### Supplied material
══════════════════════════════

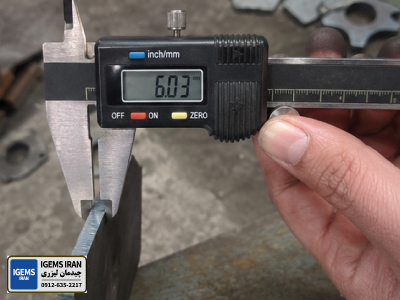 اندازه گیری ضخامت ورق با کولیس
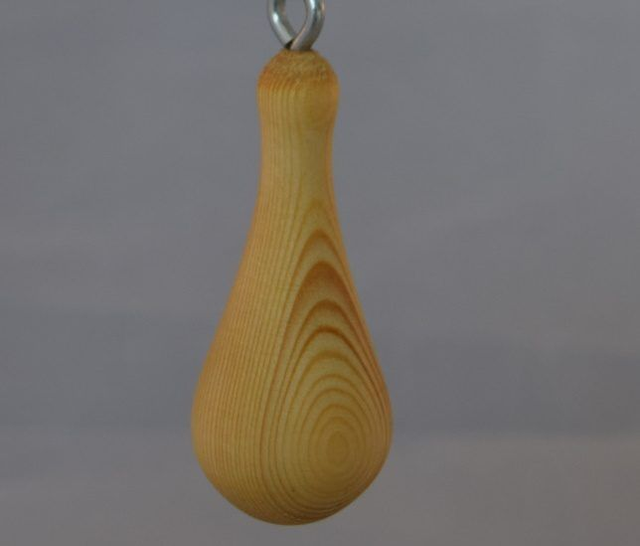 Druppel sleutelhanger - vuren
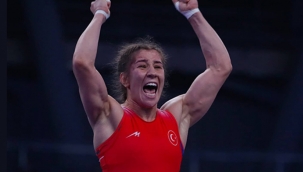 Yasemin Adar'dan büyük başarı!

══════════════════════════════

The result should be the material above, unchanged and free of pictures; please print it.

### Task response
 اندازه گیری ضخامت ورق با کولیس
 Druppel sleutelhanger - vuren
 Yasemin Adar'dan büyük başarı!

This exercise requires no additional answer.